The equation (4) for the active power transfer to the grid is a product of grid voltage magnitude, battery equivalent EMF, reciprocal of the impedance magnitude, and the sine of the power angle between the converter output voltage phasor and the grid voltage phasor. For small values of power angle as is typical of stable operation, this relationship is relatively linear allowing the use of proportional frequency-droop control where the V2G power injection is proportional to the measured grid frequency deviation.51,52 Research on droop-based frequency regulation with aggregated EV fleets has shown improvement in the frequency nadir of 18–34% during simulated generation contingencies, with fleet sizes of 500 or larger vehicles offering statistically significant frequency regulation in all scenarios. 53
Peak demand reduction is the most commercially advanced V2G service, due to the relatively long timescale (hourly) of daily load curve management compared to millisecond response required for frequency regulation. 54 Optimisation-based EV charging scheduling algorithms that transform charging demand by minimising peak-to-average power ratio by shifting EV charging loads to off-peak periods and adjusting the SOC of the EV battery fleet to deliver peak reduction power during peak demand periods have achieved 28 to 41% reduction in peak demand compared to uncontrolled charging demand scenarios.55,56 Integration with renewable energy increases this effect by allowing midday PV power to be stored in EV fleets and discharged to the grid or building loads during peak periods in the evening, creating a virtual power plant from the parking lot fleet.57,58
The bidirectional V2G power flow control with communication hierarchy is shown in Figure 3.
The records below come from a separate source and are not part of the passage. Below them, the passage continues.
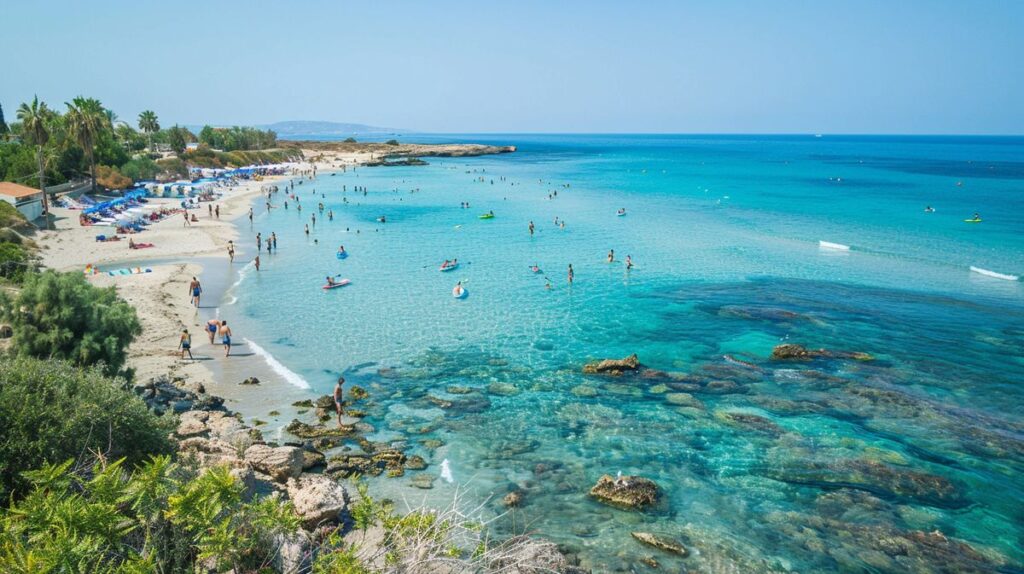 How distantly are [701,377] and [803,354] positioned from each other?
5656 millimetres

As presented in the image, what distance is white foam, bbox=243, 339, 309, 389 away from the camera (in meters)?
23.5

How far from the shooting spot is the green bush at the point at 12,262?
29.1 m

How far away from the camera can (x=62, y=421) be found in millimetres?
11633

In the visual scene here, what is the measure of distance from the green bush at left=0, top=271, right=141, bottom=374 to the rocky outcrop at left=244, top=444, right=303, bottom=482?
6200 mm

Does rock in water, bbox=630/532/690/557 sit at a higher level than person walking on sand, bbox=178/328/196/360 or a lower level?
lower

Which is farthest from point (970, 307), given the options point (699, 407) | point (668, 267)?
point (699, 407)

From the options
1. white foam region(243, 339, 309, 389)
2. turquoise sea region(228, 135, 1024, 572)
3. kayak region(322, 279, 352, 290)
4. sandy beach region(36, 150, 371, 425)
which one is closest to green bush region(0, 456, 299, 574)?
turquoise sea region(228, 135, 1024, 572)

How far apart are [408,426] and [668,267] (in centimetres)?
2992

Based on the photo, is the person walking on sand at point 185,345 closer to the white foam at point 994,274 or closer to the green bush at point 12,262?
the green bush at point 12,262

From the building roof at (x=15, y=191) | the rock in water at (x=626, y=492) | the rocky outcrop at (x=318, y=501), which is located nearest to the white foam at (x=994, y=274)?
the rock in water at (x=626, y=492)

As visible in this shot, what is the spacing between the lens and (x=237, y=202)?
74.3 m

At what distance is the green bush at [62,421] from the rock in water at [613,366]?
16.2 meters

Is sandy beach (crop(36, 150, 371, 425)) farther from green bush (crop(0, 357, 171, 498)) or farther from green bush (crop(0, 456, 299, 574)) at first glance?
green bush (crop(0, 456, 299, 574))

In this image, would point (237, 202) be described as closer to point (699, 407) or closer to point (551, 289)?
point (551, 289) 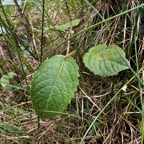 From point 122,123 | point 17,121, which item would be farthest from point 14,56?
point 122,123

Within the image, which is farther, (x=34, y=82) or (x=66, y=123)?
(x=66, y=123)

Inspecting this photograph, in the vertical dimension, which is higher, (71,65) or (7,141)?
(71,65)

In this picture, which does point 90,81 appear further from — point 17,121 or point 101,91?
point 17,121

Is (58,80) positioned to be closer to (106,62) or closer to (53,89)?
(53,89)

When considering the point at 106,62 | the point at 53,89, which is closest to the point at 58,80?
the point at 53,89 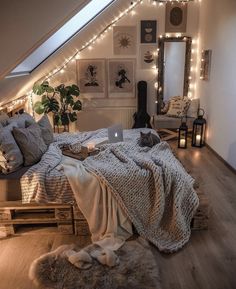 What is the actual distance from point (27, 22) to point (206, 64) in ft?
11.5

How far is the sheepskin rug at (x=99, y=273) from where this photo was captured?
5.88 feet

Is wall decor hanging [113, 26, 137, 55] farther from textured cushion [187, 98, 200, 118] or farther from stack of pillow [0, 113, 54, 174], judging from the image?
stack of pillow [0, 113, 54, 174]

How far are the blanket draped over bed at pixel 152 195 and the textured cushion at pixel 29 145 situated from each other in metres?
0.13

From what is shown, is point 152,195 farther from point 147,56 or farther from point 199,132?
point 147,56

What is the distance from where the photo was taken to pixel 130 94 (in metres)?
5.47

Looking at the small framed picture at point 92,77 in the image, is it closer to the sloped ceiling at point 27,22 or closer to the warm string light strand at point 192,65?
the warm string light strand at point 192,65

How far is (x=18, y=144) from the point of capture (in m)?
2.42

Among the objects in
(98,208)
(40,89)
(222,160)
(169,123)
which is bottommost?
(222,160)

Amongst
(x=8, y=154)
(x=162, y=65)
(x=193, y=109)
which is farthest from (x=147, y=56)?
(x=8, y=154)

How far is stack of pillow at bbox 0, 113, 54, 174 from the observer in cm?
231

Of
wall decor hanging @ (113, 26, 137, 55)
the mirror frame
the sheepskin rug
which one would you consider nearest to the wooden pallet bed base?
the sheepskin rug

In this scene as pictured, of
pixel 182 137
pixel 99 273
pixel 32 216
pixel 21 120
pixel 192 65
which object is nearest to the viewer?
pixel 99 273

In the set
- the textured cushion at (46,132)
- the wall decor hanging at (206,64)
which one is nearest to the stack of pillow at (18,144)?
the textured cushion at (46,132)

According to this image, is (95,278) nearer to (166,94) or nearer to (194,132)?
(194,132) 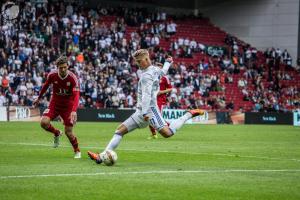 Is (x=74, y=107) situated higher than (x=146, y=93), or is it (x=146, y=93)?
(x=146, y=93)

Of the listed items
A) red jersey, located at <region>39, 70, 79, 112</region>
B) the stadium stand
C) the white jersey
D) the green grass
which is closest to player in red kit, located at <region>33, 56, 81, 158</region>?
red jersey, located at <region>39, 70, 79, 112</region>

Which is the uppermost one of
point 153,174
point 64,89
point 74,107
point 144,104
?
point 64,89

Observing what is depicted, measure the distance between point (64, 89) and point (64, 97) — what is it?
0.28 metres

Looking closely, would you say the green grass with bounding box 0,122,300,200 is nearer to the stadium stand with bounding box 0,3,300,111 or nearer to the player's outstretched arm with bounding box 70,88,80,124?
the player's outstretched arm with bounding box 70,88,80,124

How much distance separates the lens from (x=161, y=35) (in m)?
54.7

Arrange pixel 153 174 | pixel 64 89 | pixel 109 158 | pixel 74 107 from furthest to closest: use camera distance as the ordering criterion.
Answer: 1. pixel 64 89
2. pixel 74 107
3. pixel 109 158
4. pixel 153 174

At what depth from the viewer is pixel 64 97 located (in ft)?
55.9

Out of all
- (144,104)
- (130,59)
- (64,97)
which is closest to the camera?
(144,104)

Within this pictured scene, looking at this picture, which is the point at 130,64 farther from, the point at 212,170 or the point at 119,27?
the point at 212,170

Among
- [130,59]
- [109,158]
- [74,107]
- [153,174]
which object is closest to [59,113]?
[74,107]

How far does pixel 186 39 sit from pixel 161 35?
7.41 ft

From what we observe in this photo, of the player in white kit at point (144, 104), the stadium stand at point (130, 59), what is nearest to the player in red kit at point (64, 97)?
the player in white kit at point (144, 104)

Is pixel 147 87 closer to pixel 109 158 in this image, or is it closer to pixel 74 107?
pixel 109 158

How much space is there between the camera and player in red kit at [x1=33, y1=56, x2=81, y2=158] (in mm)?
16281
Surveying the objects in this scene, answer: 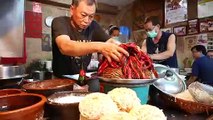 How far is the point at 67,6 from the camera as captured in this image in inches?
161

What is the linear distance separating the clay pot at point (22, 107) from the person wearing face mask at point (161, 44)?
6.98 feet

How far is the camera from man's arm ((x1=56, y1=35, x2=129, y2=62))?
93cm

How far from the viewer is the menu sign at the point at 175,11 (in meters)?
4.30

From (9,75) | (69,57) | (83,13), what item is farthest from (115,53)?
(9,75)

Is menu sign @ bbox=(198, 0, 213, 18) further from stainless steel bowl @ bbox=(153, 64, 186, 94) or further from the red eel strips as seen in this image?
the red eel strips

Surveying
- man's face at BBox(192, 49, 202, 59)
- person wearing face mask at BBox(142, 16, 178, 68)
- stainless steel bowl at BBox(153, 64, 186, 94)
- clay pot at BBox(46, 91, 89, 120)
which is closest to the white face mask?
person wearing face mask at BBox(142, 16, 178, 68)

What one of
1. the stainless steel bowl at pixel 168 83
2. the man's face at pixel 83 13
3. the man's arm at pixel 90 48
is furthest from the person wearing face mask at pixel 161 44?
the man's arm at pixel 90 48

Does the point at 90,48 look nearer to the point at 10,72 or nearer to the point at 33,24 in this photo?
the point at 10,72

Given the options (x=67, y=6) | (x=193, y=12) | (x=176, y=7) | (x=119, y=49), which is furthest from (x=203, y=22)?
(x=119, y=49)

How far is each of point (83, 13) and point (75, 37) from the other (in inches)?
11.1

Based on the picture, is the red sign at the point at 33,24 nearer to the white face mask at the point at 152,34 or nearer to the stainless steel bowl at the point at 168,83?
the white face mask at the point at 152,34

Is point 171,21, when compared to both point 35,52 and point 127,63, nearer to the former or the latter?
point 35,52

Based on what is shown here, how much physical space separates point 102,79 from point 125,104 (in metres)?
0.26

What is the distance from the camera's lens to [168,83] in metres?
1.18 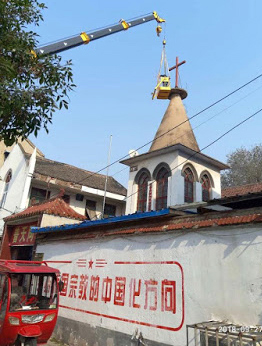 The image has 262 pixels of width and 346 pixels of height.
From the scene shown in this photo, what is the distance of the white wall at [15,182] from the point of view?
19917mm

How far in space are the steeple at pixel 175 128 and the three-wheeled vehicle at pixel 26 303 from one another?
42.7ft

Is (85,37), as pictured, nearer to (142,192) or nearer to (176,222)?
(142,192)

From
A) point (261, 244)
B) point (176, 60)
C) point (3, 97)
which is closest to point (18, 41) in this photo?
point (3, 97)

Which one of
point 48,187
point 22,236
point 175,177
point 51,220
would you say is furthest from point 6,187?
point 175,177

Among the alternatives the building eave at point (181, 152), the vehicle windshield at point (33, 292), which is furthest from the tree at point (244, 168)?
the vehicle windshield at point (33, 292)

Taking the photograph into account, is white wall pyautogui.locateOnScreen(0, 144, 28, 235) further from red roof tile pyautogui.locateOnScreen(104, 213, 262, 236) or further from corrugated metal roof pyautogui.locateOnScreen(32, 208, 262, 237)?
red roof tile pyautogui.locateOnScreen(104, 213, 262, 236)

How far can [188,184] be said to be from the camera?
57.2 feet

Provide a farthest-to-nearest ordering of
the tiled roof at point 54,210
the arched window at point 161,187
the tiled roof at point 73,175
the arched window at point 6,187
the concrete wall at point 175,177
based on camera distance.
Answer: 1. the tiled roof at point 73,175
2. the arched window at point 6,187
3. the arched window at point 161,187
4. the concrete wall at point 175,177
5. the tiled roof at point 54,210

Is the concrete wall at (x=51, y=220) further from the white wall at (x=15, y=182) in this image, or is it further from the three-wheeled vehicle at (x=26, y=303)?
the white wall at (x=15, y=182)

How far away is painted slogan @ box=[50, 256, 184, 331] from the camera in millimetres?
7074

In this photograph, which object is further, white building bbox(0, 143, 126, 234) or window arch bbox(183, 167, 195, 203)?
white building bbox(0, 143, 126, 234)

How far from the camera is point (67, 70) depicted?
679 cm

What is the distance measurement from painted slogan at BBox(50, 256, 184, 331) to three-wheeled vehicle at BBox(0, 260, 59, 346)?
1.48 metres

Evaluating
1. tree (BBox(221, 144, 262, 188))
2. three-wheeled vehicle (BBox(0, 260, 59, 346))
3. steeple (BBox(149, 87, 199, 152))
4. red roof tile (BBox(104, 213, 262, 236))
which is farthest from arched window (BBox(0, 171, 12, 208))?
tree (BBox(221, 144, 262, 188))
Bidirectional vehicle-to-grid energy flow control architecture with communication layers.
Standardisation of communication protocols is a key enabler for V2G deployment. The ISO 15118 standard specifies the communications protocol between the vehicle and the charging system for the combined charging system, enabling vehicle-grid charging parameter negotiation, authentication, metering, and V2G power scheduling. The Open Charge Point Protocol defines the communication between a charging station management system and charge points, and the OpenADR protocol enables automatic demand response with the utility system.59,60 Although these standards are defined, there is still a lack of interoperability between different manufacturers’ vehicles and equipment and different utilities’ energy management systems in practice, with field trial reports of V2G session success rates of only 72 to 84% with mixed equipment. 61
Lithium-ion battery degradation is the largest obstacle to the acceptance of V2G operation by users. Lithium-ion batteries’ cycle life is shortened by calendar aging (caused by time and temperature) and cycle aging (caused by charge-discharge depth and rate). V2G cycling increases the effective rate of battery cycling over the original transportation use case, and may shorten battery life, leading to a financial disincentive for vehicle owners.62,63 V2G studies on degradation impacts have reported higher capacity fade rates (1.8–4.3% per year) for V2G active participants relative to vehicles that are only charged for transportation (0.9–2.1% per year) over similar annual mileage patterns. 64 V2G operating strategies that account for degradation and avoid deep discharge, high rate power delivery at low and high SOC, and include feedback from thermal management, have reduced this gap to 0.4 to 1.1 percentage points per year in simulation studies, indicating a significant mitigation effect that needs hardware testing.65,66
Data privacy and cybersecurity are increasingly recognised as critical concerns in V2G communication systems. The exchange of vehicle SOC, location, and energy transaction data over OCPP and ISO 15118 channels creates exposure to eavesdropping and data harvesting. Emerging research has proposed end-to-end encryption at the application layer and anomaly detection algorithms that flag abnormal charging session patterns as potential intrusion indicators, though standardised cybersecurity annexes to existing V2G protocols remain under development.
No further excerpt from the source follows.